Unique facts about this VM:

  • It was switched from 4 to 2 processors at one point due to SQL licensing (over a month ago). I researched this and assumed that the NT multiprocessor kernal wouldn't be affected unless we went to 1.
  • Hourly (for our purposes 6:00 am), SQL full backups occur. They create about 2.5 gigs worth of data that takes about 2 min. Should have been done long before the server crashed.
  • I have VCplus (http://www.run-virtual.com/?page_id=184) running on our VirtualCenter server. It was using a domain admin login for DB access during testing, so it had rights to break something if it wanted I suppose.
  • The SQL services are running under different logins than default. We were trying to get SCE 2007 to work with our SQL server about a month ago, and they suggested trying this.
SQL Server Integration Services
NT AUTHORITY\NetworkService
SQL Server FullText Search
LocalSystem
SQL Server
LocalSystem
SQL Server Analysis Services
LocalSystem
SQL Server Reporting Services
LocalSystem
SQL Server Browser
LocalSystem
SQL Server Agent
LocalSystem
I'm going to rebuild it this weekend just to be safe, considering the CPU went crazy, and we changed the processor count after the kernel was installed...

I've posted a question on the VMTN forums, so hopefully someone has some insight.

Tuesday, October 09, 2007

Thin clients and virtual desktops

We started testing virtual desktops for our company. It all originally started as a joke, saying we already had ESX server, why not throw all of our desktops on it as well. Then one of the co-founders of the company asked my boss about it, saying he read about it somewhere and it seemed neat. Then we were planning on virtualizing all of our desktops. But alot of users need CD drives. So as of this writing, we are planning on using virtual desktops for any contractors or new users that do not require a CD drive.

So, for the thin client, we are going to be reusing old PC's where possible, or buying an HP t5135 for new hires. I couldn't get my hands on any version of VMware's VDM 2 Beta from their VDI initiative, and I'm not sure if that will include a thin client when it's released towards the end of this year. So for now, we are using 2X's ThinClientServer, along with their ThinClientOS.

We first installed ThinClientServer on one of our Windows VMs. It does a couple things. First, when your thin client boots up, it acts as a DHCP helper to listen for DHCP requests, and returns a TFTP server and boot image filename. It also includes the TFTP server that hosts the ThinClientOS. Then, after the OS boots and the user trys to log in, it makes decisions based on the login as to which machine to redirect the user to.

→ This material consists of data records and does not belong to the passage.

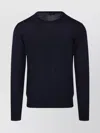 Emporio Armani Ribbed Round Neck Sweater In Blue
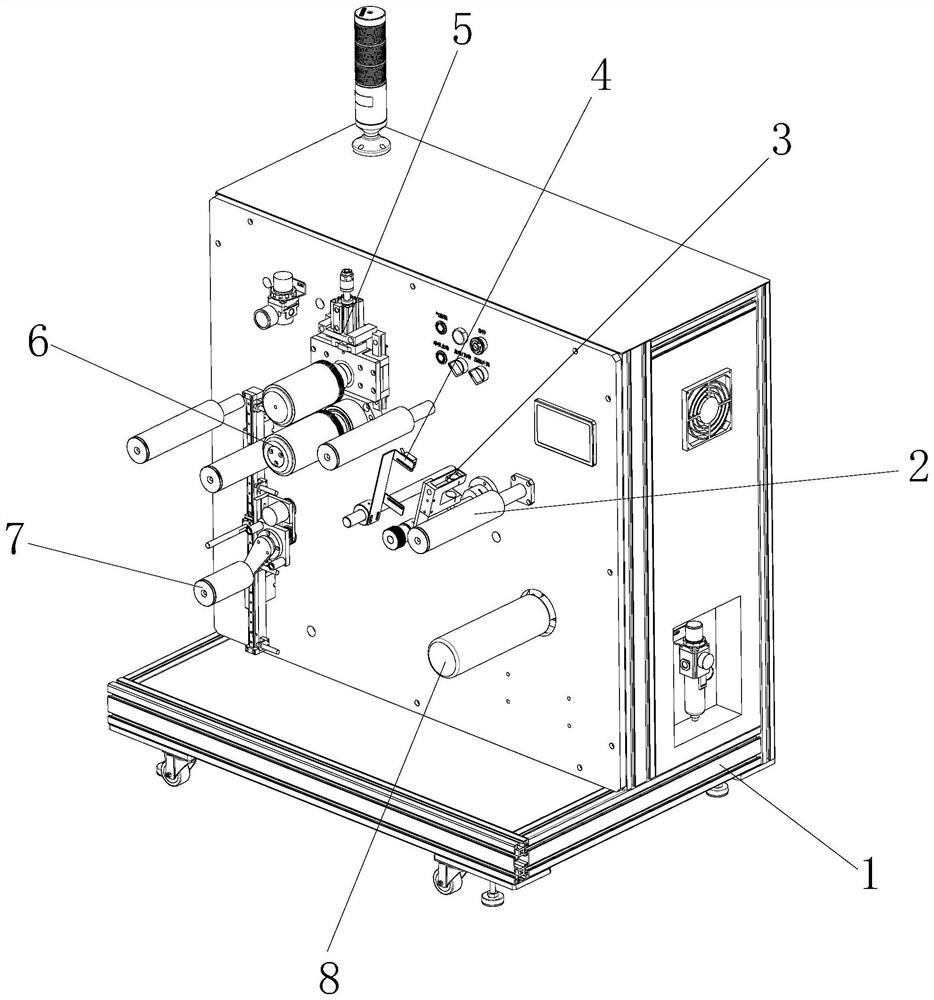 Steel belt feeding and discharging equipment and implementation method thereof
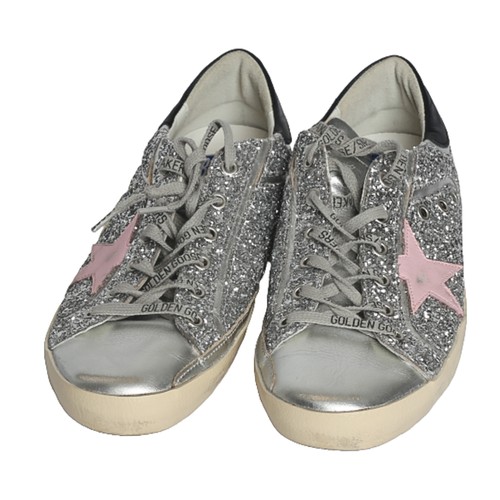 60 - Golden Goose Super-Star Sparkly Lace-Up Pumps. Size 40. Pre-loved, used condition but lots of life s... 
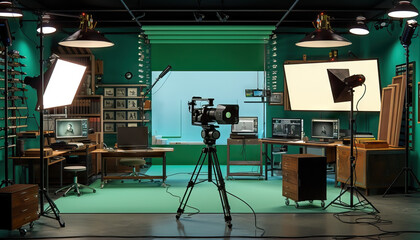 Documentary Filmmaking Studio: A studio set with editing suites, documentary props, and filming equipment for documentary series - obrazy, fototapety, plakaty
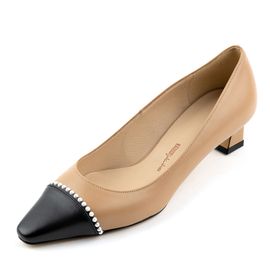 [KUHEE] Pumps 2307K 4cm - Women's Middle Heel Leather Pearl Handmade Shoes - Made in Korea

I had no problem getting the ThinClientOS up and running on our test HP t5135. But getting it to work on our PCs is a different story. I first tried it on my PC, a relativly new HP dc5700, and it didn't recognize my NIC (after it successfully downloaded the boot image). I then tried it on a much older PC that one of our scanners is hooked up to, and it couldn't detect the video card properly (while I was looking at the error message). So I'll spend a lot of time troubleshooting these driver issues if we go live using ThinClientOS.
I'm looking forward to seeing exactly how VMware's VDM 2 is going to fit into all of this when it gets released in December. I know that they are going to do the same things as ThinClientServer (connection broker), but I'm not sure about a PXE boot image (but I would imagine they would have to include this in order to compete).